Print the listing below only from the line that has "Simplicity s7685.k5 Skirt Sewing Pattern" through the line that has "stack of three brownies", exactly, and drop any picture.

→ RECORDS:
....................

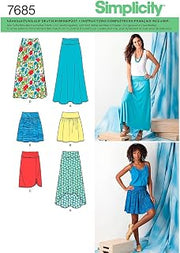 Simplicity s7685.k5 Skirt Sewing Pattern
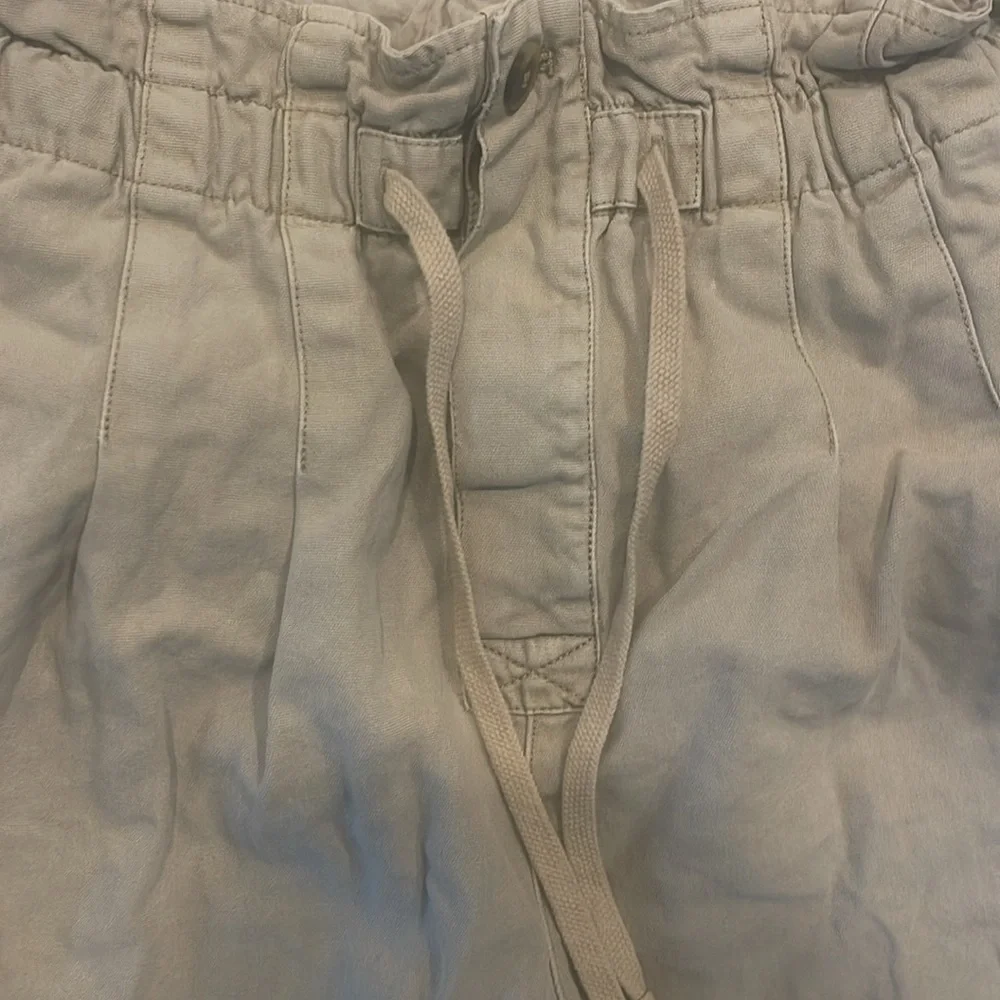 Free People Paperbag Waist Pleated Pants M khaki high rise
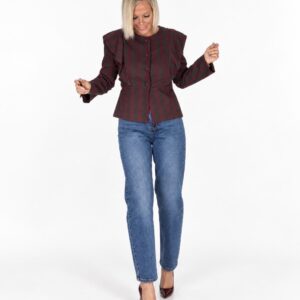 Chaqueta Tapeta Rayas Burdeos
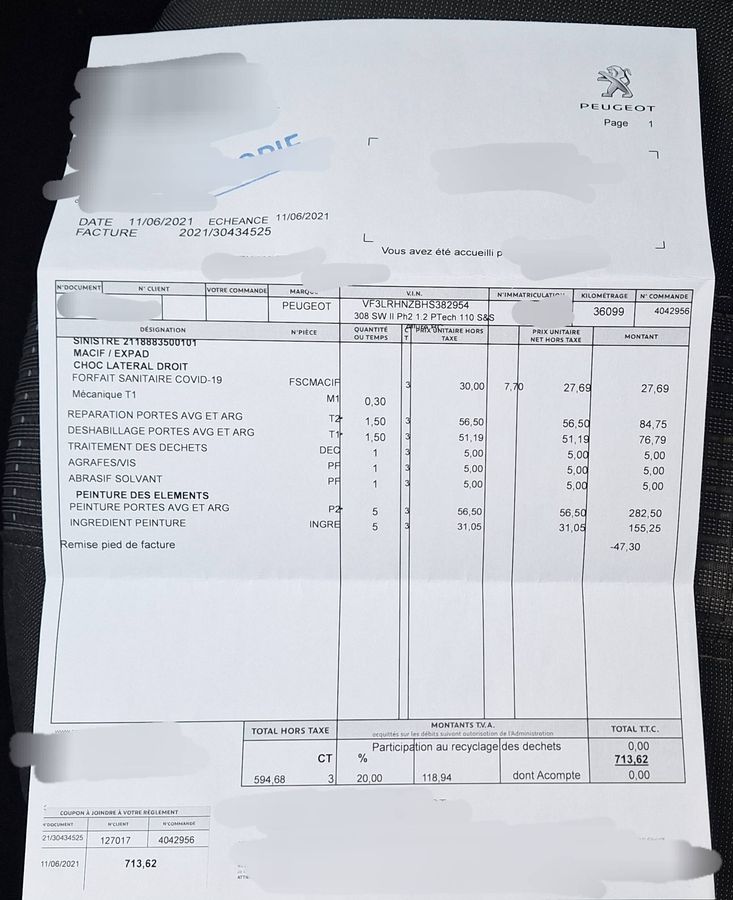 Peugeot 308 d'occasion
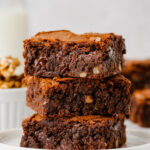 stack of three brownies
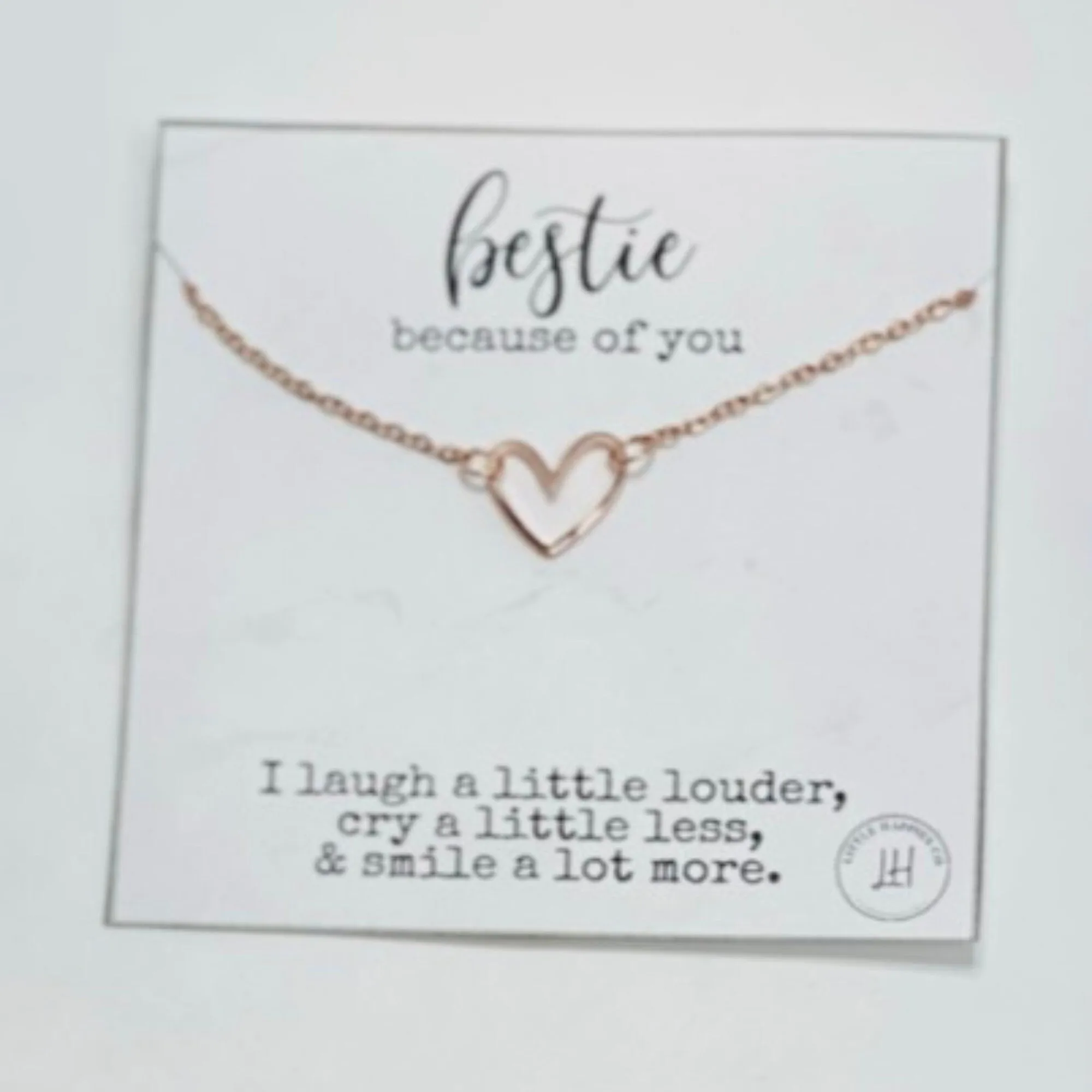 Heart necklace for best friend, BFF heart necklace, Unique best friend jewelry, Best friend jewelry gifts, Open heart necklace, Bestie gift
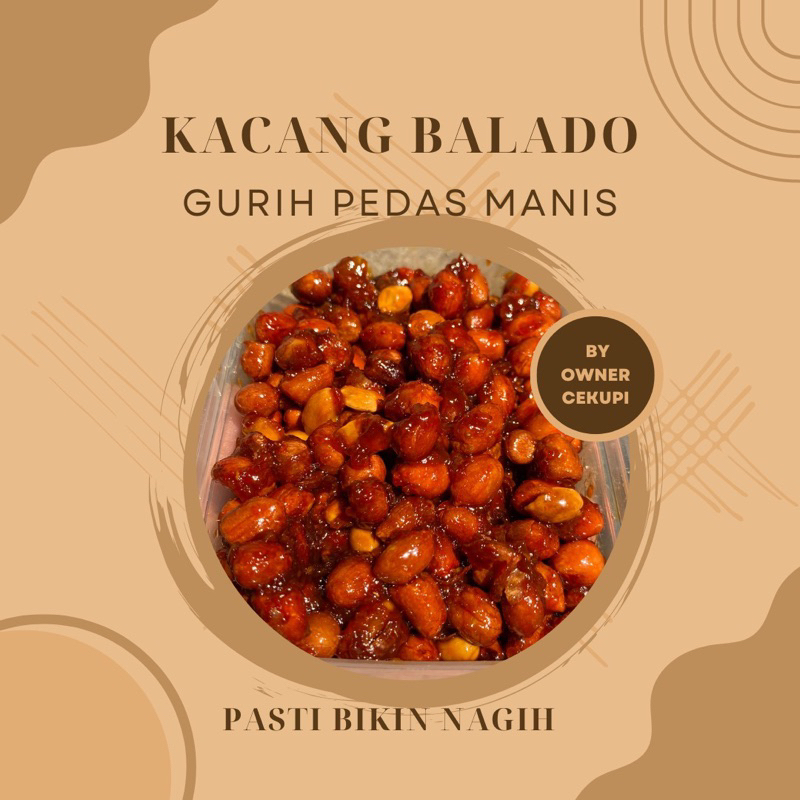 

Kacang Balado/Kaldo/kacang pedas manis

....................

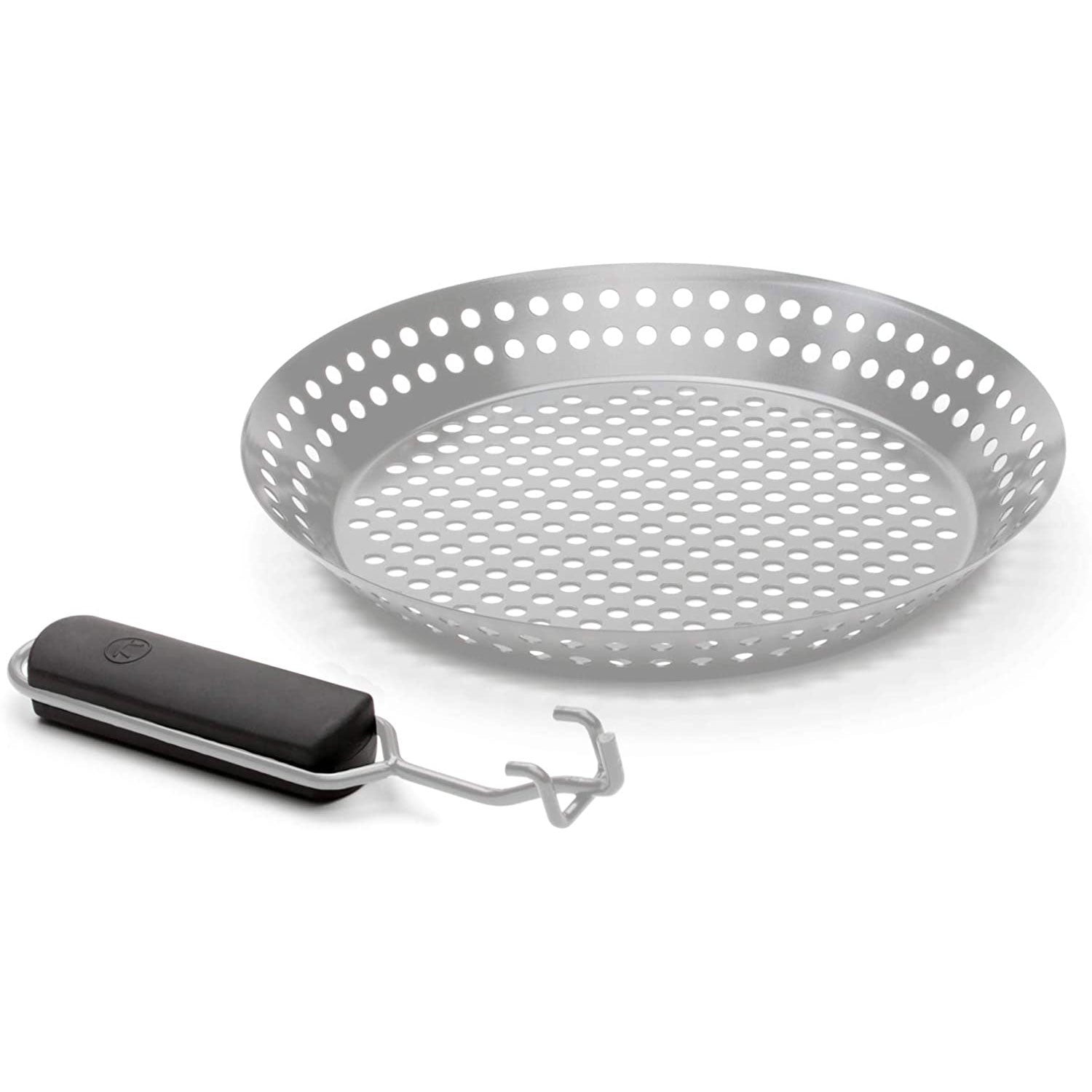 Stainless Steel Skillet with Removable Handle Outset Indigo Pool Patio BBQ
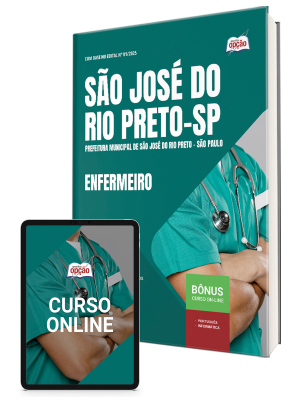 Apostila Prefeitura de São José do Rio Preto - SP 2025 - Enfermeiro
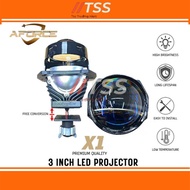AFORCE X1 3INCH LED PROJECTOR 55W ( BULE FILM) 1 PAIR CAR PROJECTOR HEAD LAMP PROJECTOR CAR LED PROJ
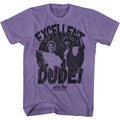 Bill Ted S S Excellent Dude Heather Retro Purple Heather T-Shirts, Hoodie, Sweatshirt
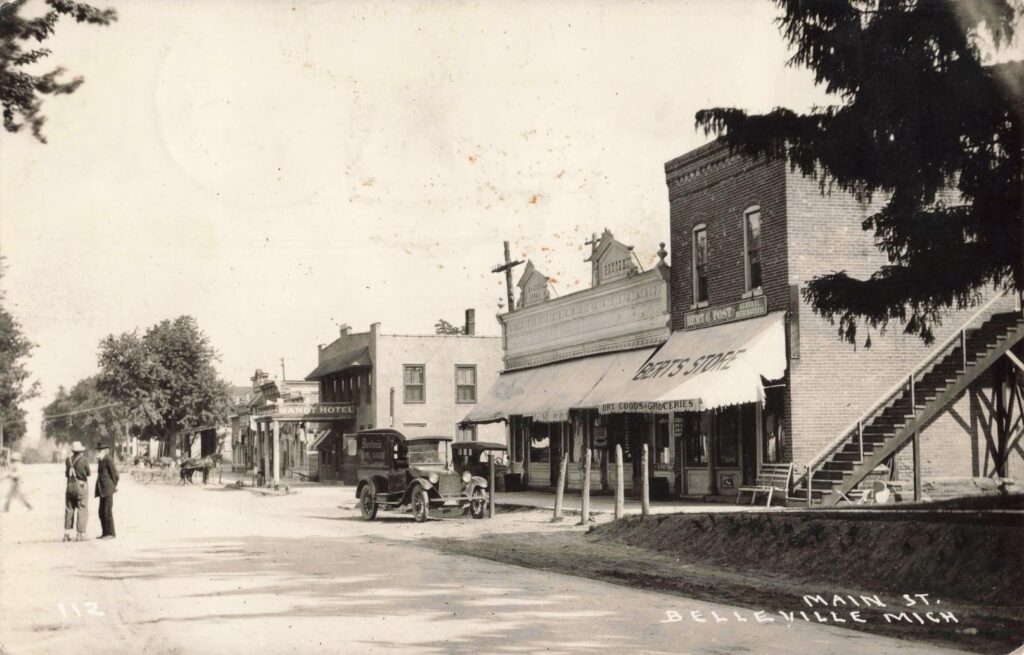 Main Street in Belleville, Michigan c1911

....................

→ TASK SOLUTION:
 Simplicity s7685.k5 Skirt Sewing Pattern
 Free People Paperbag Waist Pleated Pants M khaki high rise
 Chaqueta Tapeta Rayas Burdeos
 Peugeot 308 d'occasion
 stack of three brownies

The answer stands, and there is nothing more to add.